Le gouvernement n'a pas écouté sa base


Entretien avec André Laignel, secrétaire général de l'AMF (Association des maires de France), paru dans Le Figaro daté du 16 novembre 2004.
Propos recueillis par Pascale Sauvage


 

Quel est l'état d'esprit des maires à propos de la deuxième phase de la décentralisation ?
Il n'est pas exagéré de dire que nous sommes passés de l'espérance d'une véritable deuxième étape de la décentralisation à une déception certaine, et, pour beaucoup de maires, à une inquiétude profonde. On nous annonçait de la clarification et de la simplification ; au lieu de quoi nous croulons sous des textes qui compliquent notre situation. Certains textes sont même dangereux, comme la loi organique sur l'autonomie financière des collectivités locales, qui dans les faits supprime la liberté de nos collectivités de lever l'impôt.

Par quel mécanisme ?
La loi autorise maintenant l'Etat à remplacer un impôt qui pouvait être décidé localement par une dotation que les collectivités locales ne pourront ni moduler ni rendre plus juste, puisqu'elles ne pourront pas en modifier les taux. La demande unanime des élus est de garder le pouvoir de voter le taux ou l'assiette de leurs ressources fiscales, voire les deux, ce qui est la condition de leur liberté. D'où l'étonnement douloureux d'une immense majorité des maires à l'annonce de la suppression, sans dialogue préalable, de la taxe professionnelle, puis de la taxe sur le foncier non bâti.

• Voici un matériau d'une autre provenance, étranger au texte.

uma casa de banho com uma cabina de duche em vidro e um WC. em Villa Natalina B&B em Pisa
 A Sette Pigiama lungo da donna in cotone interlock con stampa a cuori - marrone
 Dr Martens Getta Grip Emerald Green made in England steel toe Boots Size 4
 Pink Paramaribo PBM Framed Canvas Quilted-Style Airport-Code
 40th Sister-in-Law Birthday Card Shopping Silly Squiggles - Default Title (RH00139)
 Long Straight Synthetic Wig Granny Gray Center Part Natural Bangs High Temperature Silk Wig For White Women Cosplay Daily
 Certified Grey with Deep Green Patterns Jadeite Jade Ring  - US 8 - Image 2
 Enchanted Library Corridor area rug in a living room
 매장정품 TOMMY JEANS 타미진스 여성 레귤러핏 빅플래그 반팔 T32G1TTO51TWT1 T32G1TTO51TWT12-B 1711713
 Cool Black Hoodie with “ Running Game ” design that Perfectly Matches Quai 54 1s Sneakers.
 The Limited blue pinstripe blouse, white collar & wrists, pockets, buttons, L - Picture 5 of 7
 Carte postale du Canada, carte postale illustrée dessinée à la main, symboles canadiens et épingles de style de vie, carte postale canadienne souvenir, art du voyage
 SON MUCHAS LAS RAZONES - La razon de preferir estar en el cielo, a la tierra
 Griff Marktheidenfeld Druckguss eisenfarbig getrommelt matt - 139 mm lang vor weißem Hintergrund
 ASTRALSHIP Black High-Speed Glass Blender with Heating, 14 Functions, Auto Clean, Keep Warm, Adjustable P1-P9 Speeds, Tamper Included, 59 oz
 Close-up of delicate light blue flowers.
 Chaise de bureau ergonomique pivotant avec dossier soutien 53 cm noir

Allez-vous jusqu'à contester la poursuite d'une décentralisation que vous réclamiez vigoureusement ?
Au niveau des communes, il n'y a aucune décentralisation réelle, hormis la possibilité de donner aux intercommunalités la gestion des crédits affectés au logement. En fait, les communes ne disposent d'aucune compétence nouvelle, alors que, d'un autre côté, leurs libertés sont réduites. D'où le thème de notre congrès : « Quels moyens pour quelle décentralisation ? »

Pourtant le gouvernement dispose de nombreux relais avec les maires UMP qui le soutiennent. Comment a-t-il pu mal apprécier le contenu de la décentralisation ?
La dernière loi de décentralisation, «Libertés et responsabilités locales», n'a pu être adoptée qu'avec le recours à l'article 49-3, puisque la propre majorité de Jean-Pierre Raffarin n'y était pas favorable. Le gouvernement n'a pas écouté sa base, la réponse est là.